- **Task instructions**:
What you write must be the listing below in full, word for word, minus its pictures.

- **Information provided**:
-- -- --
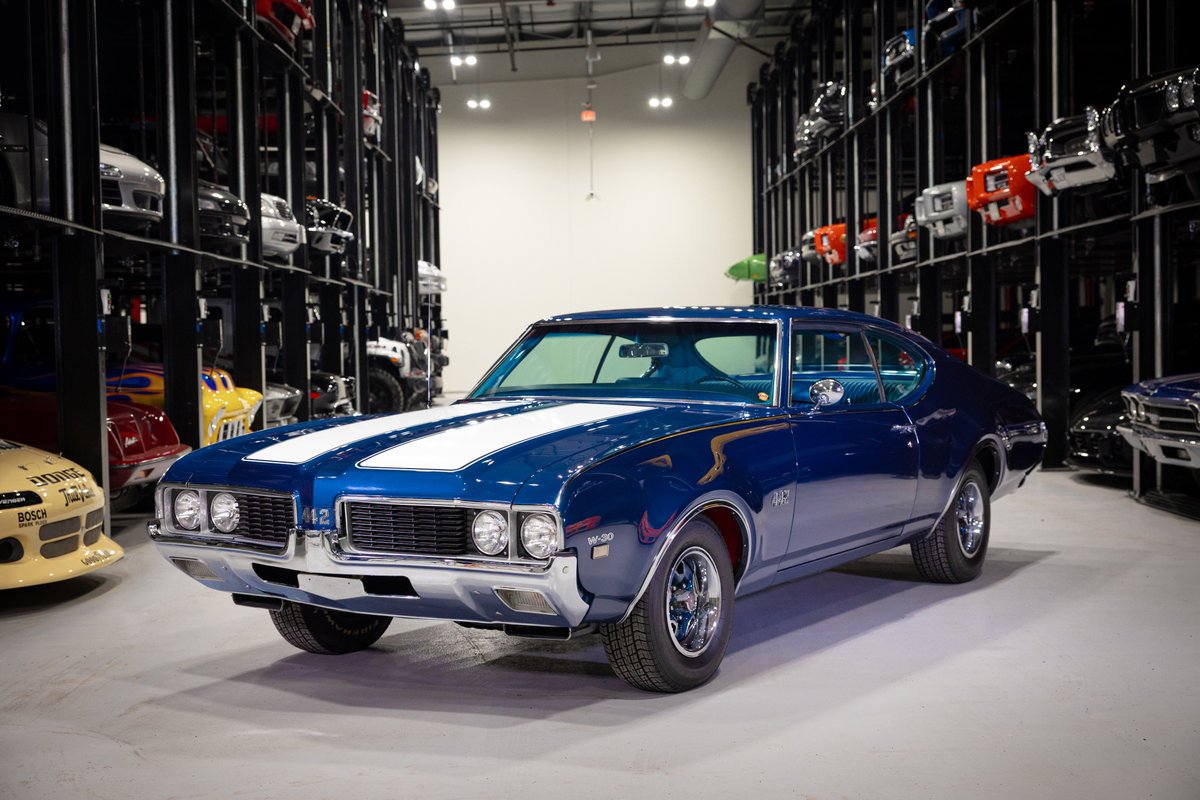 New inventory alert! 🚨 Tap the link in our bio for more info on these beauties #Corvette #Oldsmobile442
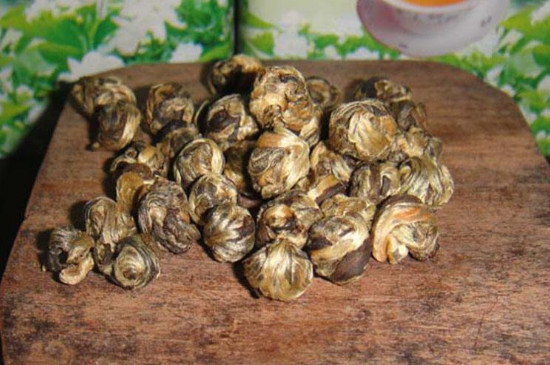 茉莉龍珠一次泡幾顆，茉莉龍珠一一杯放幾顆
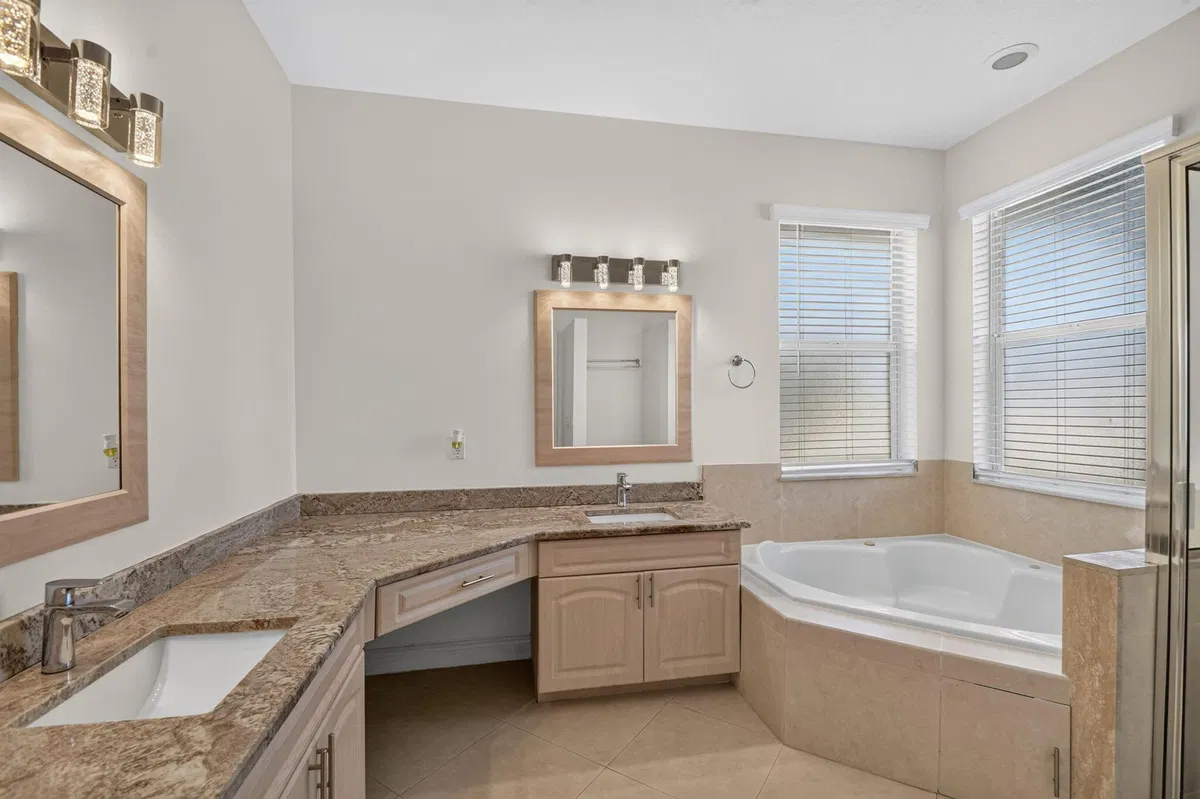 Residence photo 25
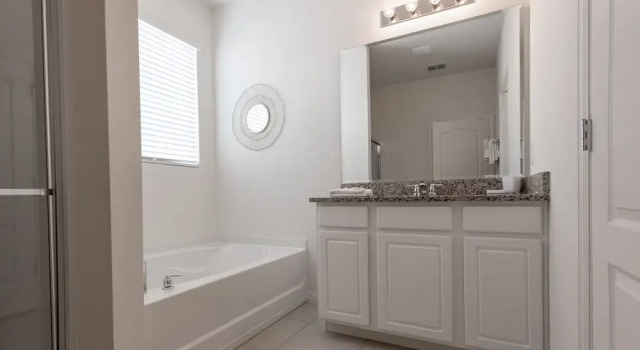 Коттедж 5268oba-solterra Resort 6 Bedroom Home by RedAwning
-- -- --
- **Reply to the task**:
 New inventory alert! 🚨 Tap the link in our bio for more info on these beauties #Corvette #Oldsmobile442
 茉莉龍珠一次泡幾顆，茉莉龍珠一一杯放幾顆
 Residence photo 25
 Коттедж 5268oba-solterra Resort 6 Bedroom Home by RedAwning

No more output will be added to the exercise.